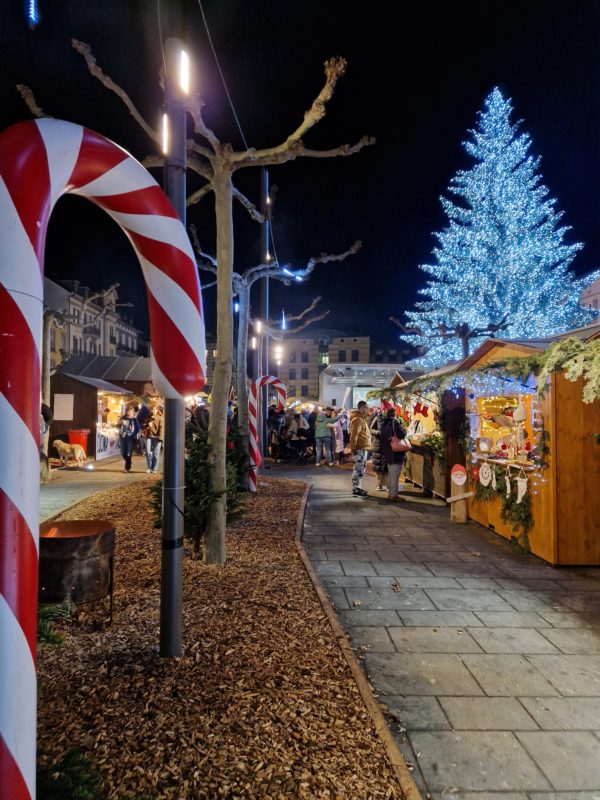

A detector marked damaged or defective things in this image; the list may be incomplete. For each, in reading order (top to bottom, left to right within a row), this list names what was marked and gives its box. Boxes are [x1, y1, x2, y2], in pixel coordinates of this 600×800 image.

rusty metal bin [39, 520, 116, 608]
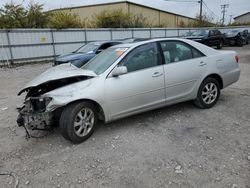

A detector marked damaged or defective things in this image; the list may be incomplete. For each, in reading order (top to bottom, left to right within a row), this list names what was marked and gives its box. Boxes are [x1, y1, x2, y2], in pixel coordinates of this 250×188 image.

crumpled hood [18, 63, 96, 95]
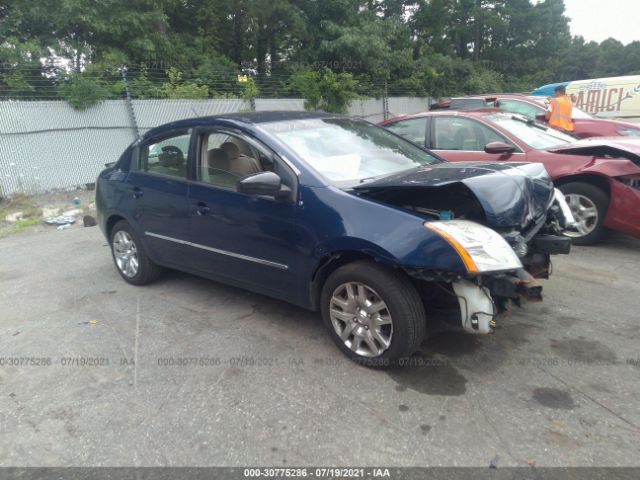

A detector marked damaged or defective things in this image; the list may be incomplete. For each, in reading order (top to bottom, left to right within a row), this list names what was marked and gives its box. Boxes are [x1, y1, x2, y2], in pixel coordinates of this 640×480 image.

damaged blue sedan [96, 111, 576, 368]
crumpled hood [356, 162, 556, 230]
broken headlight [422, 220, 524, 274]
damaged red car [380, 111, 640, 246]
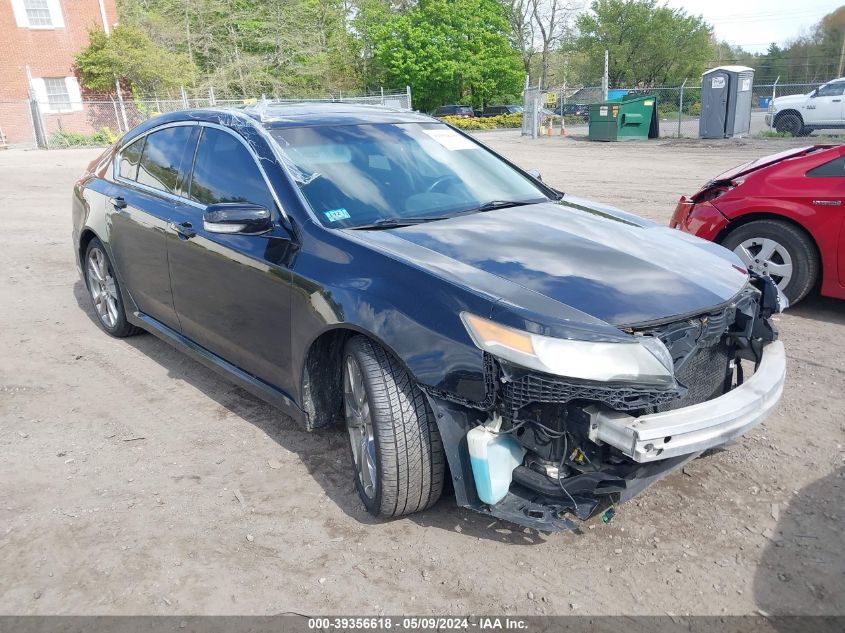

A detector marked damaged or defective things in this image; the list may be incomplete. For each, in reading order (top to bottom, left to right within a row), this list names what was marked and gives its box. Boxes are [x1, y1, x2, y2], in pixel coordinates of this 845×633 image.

■ **Exercise details**:
Take the lines from the one holding "this 250×188 image." through the last line of the data above and copy them exactly, both ends included, omitting all pictures.

■ **Written reply**:
A detector marked damaged or defective things in this image; the list may be incomplete. For each, in reading order (top to bottom, left to right within a row), this list names what was marked and gives its box. Boxes are [x1, y1, x2, y2], in pixel coordinates of this 250×188 image.

crumpled hood [18, 63, 96, 95]

A detector marked damaged or defective things in this image; the list may be incomplete. For each, in reading order (top to bottom, left to right within a row), this list names what was marked and gives its box. Boxes are [x1, y1, x2, y2], in pixel coordinates of this 640×480 image.

damaged blue sedan [96, 111, 576, 368]
crumpled hood [356, 162, 556, 230]
broken headlight [422, 220, 524, 274]
damaged red car [380, 111, 640, 246]

A detector marked damaged or defective things in this image; the list may be incomplete. For each, in reading order (top to bottom, left to right within a row), this list names what was marked and gives its box. Boxes are [x1, y1, x2, y2], in pixel coordinates of this 845×633 image.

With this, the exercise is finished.